Oligoclada sylvia & monnosticha, Borror (2)

Si, sur ma photo, on distingue les genitalia, la partie externe de l’appareil génital secondaire, cela ne me permet pas de trancher, aucune des deux espèces ne semble convenir. L’écart entre les trois pièces anatomiques, notamment, ne semble pas convenir avec celui de ma photo.

Oligoclada monosticha étant celui rapporté par Tim Faasen pour cette région, je vais le suivre, après bien des hésitations. Mais le nombre de cellules postnodales et la couleur de la partie inférieure du front me font basculer.
Cette espèce mesure environ 29 mm pour un abdomen de 15.3 mm, en moyenne (2).

Les Oligoclada s’observent souvent sur des rivières ou des ruisseaux, en forêt ou en bordure de forêt. Ces sujets ont été photographiés au bord d’un lac, dans une zone à peine marécageuse, et il est connu que certaines espèces de ce genre préfèrent les milieux lentiques.
Ils ne se posent pas sur les rameaux, mais à plat, fréquemment sur les feuilles, et prennent en anglais le nom générique de Leafsitters.

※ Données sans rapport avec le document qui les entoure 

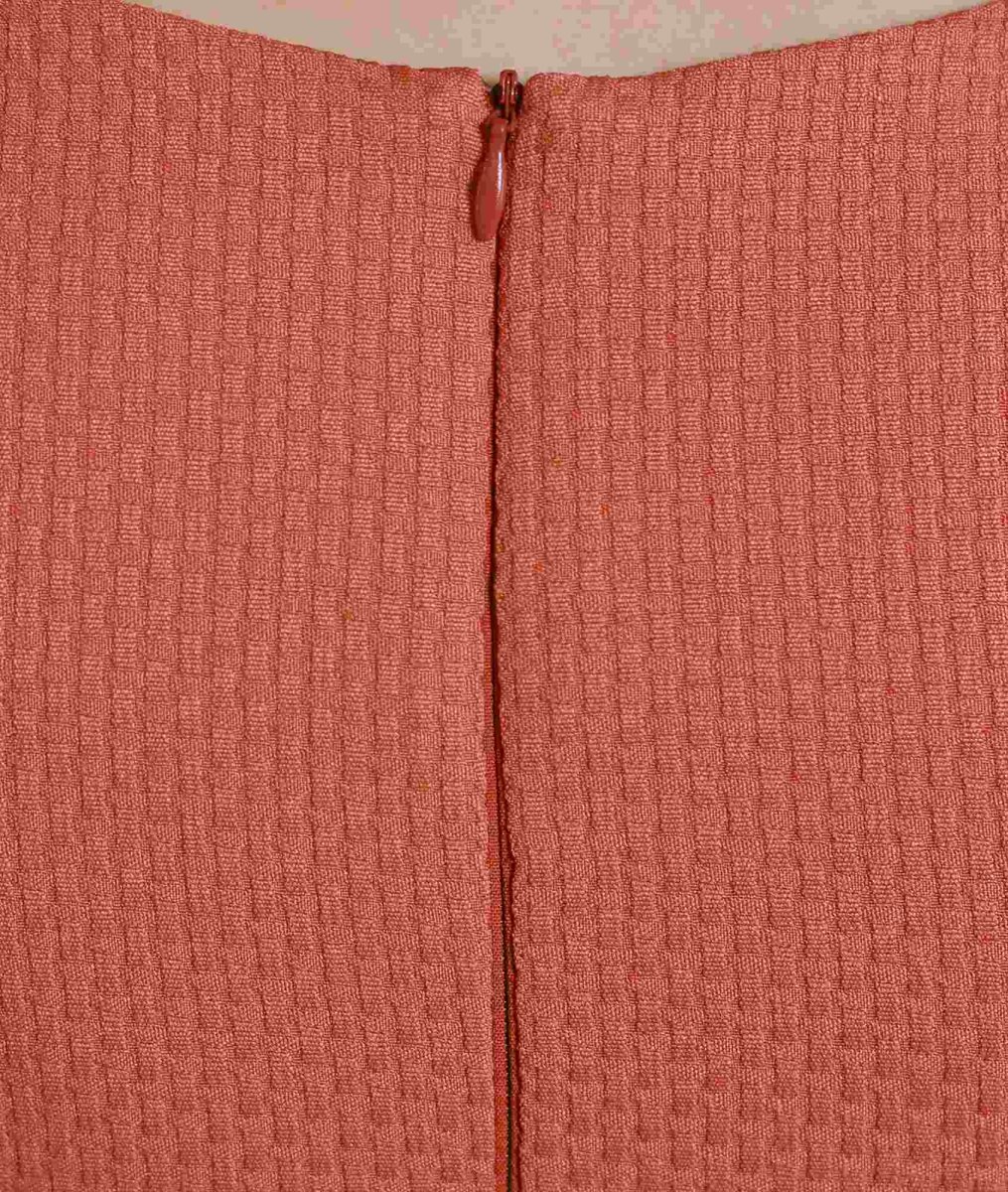 画像11: [韓国製][ S-Lサイズ / 1カラー ][rinfarre]オレンジ・ボタン・ベルト・五分袖・パフスリーブ・Aライン・ミディアムドレス・ワンピース[薗田杏奈着用][送料無料] (11)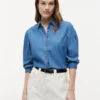 Puff-Sleeve Chambray Shirt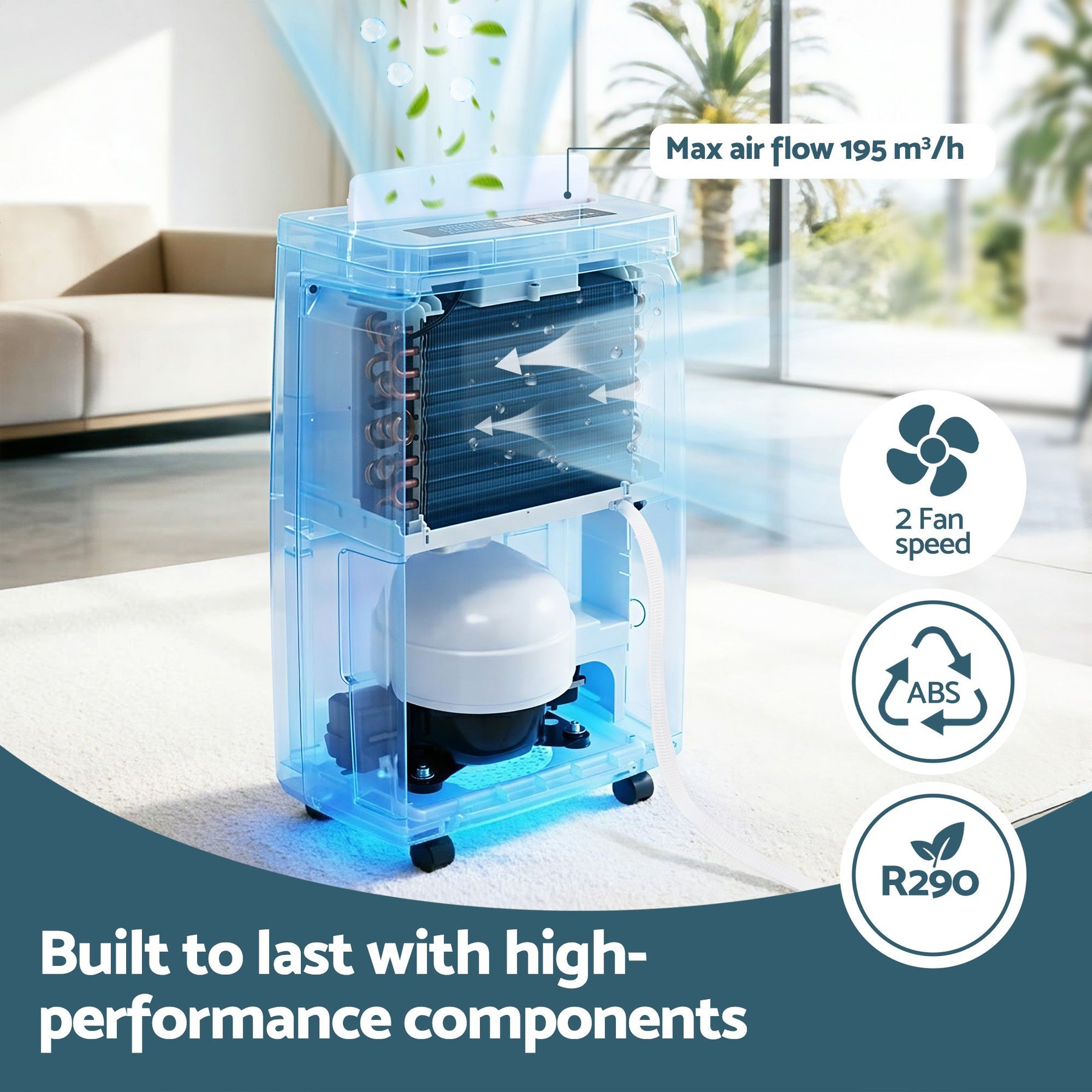 Devanti 16L Dehumidifier Portable Air Dryer Moisture Absorber 5.5L Water Tank Home - SportZone.co.nz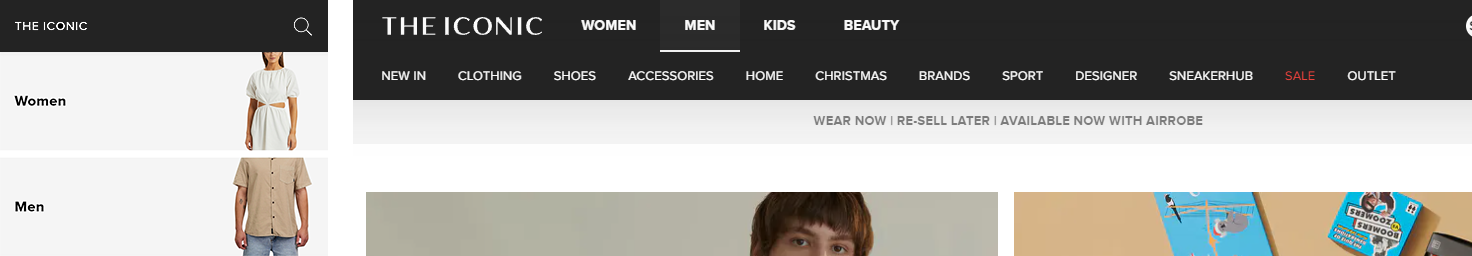 The navigation patterns for The Iconic shown on a mobile device and desktop.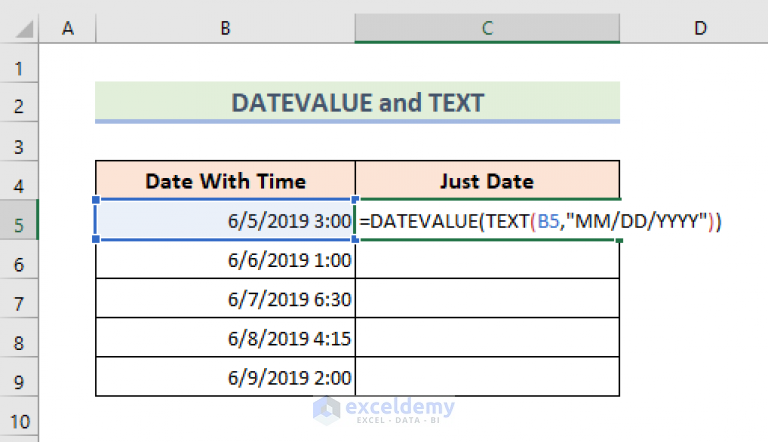 How To Remove Time From Date In Excel (6 Approaches) - Exceldemy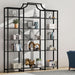 Triple Wide 5-Tier Bookshelf, 70.87" L X 79.13" H Extra Large Bookcase, Tall Open Etagere Display Shelf with Metal Frame, Freestanding Modern Storage Shelves for Home Office (Black)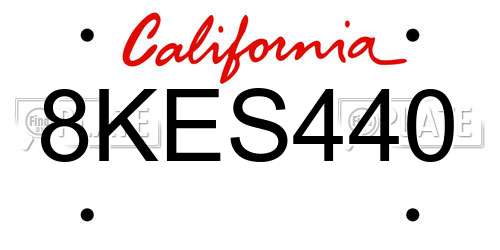 8KES440 California License Plate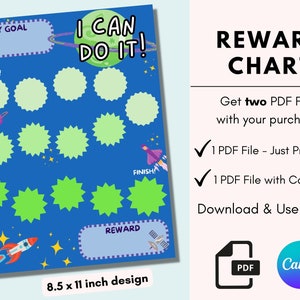 Reward Chart, Behavior Chart, Kids Reward Chart, Printable Reward Chart, Reward Chart Download, Reward Chart for Kids, Toddler Reward Chart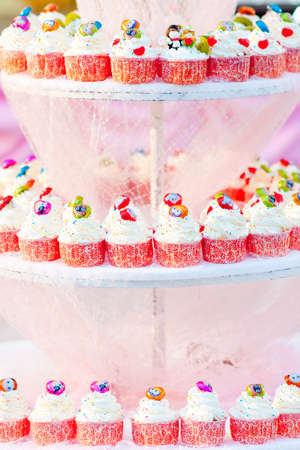 Colorful wedding cupcakesの写真素材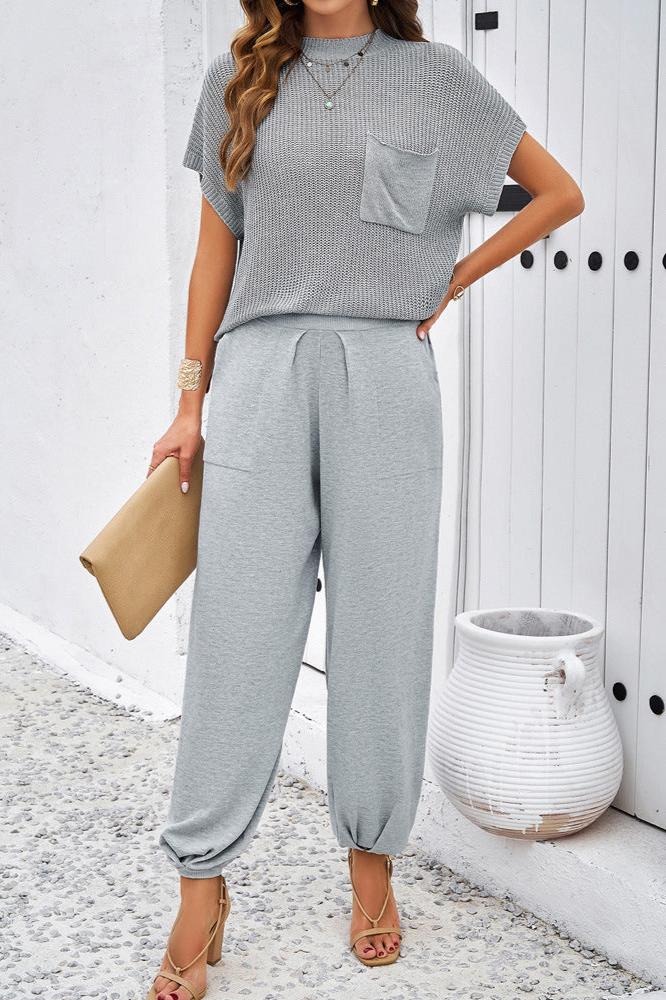 Grey Round Neck Short Sleeve Top and Pants Set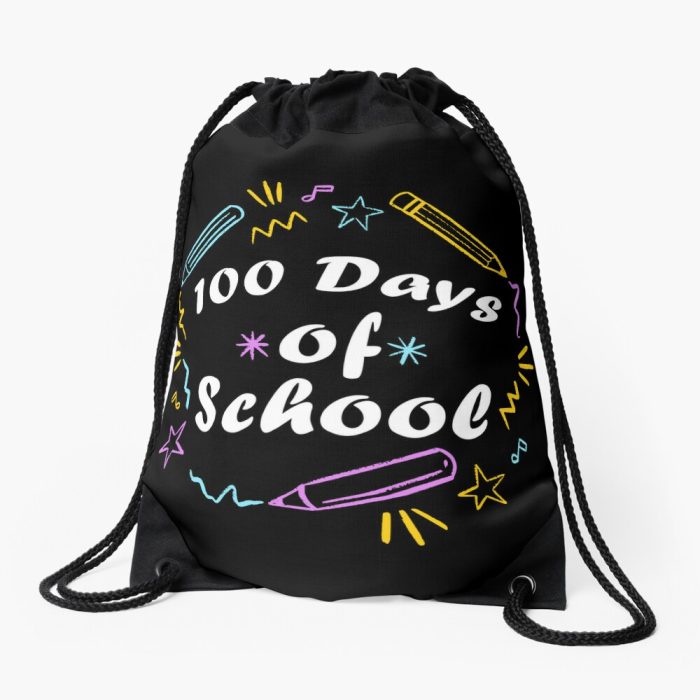 100Th Day Of School For Kids Teacher Student Gift Drawstring Bag DSB420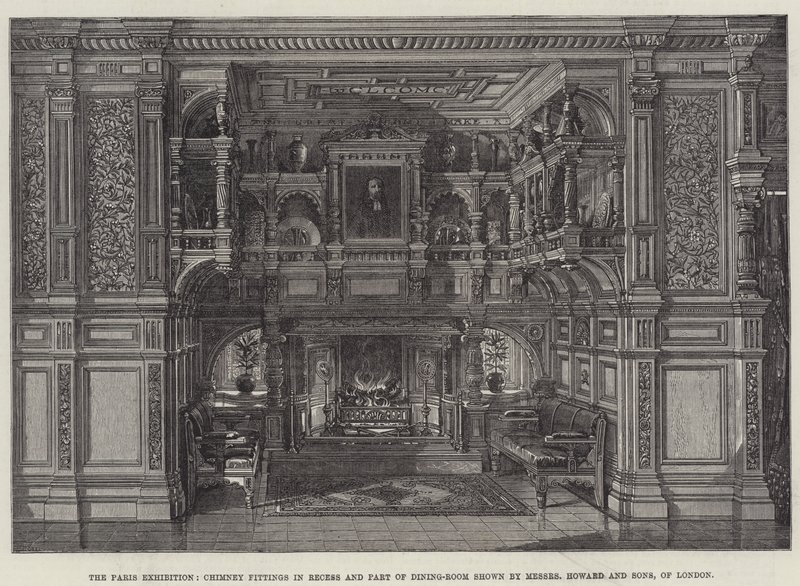 伦敦 Messers Howard and Sons 展出的巴黎展览、休息区的烟囱配件和部分餐厅（版画） 作者 英语学校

En ce qui concerne sa distribution géographique, Borror signale que les 4 sujets examinés provenaient de Leticia, Pérou (sic).
La carte figurant sur l’IUCN montre une large tache centrée sur le sud de la Colombie amazonienne, débordant sur l’Équateur, le Pérou, le Guyana et le nord-ouest du Brésil. En réalité, il est extrêmement rare et les seules autres données que j’ai trouvées sont sur Inaturalist et proviennent de Tim Faasen et de notre équipe dans la réserve de Tamshiyacu-Tahuayo, à environ 200 km à vol de libellule de Leticia en Colombie (O. sylvia semble encore plus rare).

Étymologie
Oligoclada de deux mots grecs, oligo pour –peu, faible et klados signifiant –branche, sans doute pour la nervation lâche et réduite.
Monosticha du grec mono, –un, un seul et de stikhos, –vers, ligne, rang et simplement (!) du grec ancien monostikhos signifiant –à un seul rang. Et Borror écrit : « The name refers to the single row oll posttrigonal cells in the front wing, which distinguishes this species from all the others in the genus except sylvia » ( « Le nom se réfère à l’unique rangée de cellules posttrigonales de l’aile antérieure, ce qui distingue cette espèce de toutes les autres du genre, à l’exception de sylvia »).

1- Ângelo P. Pinto & Carlos J. E. Lamas (2011): Oligoclada mortis sp. nov.from Rondônia State, Brazil, and distributional records of other species of the genus (Odonata:Libellulidae), International Journal of Odonatology, 14:4, 291-303
2- Donald J. Borror, The Genus Oligoclada (Odonata), University of Michigan, Museum of Zoology, April 30, 1931.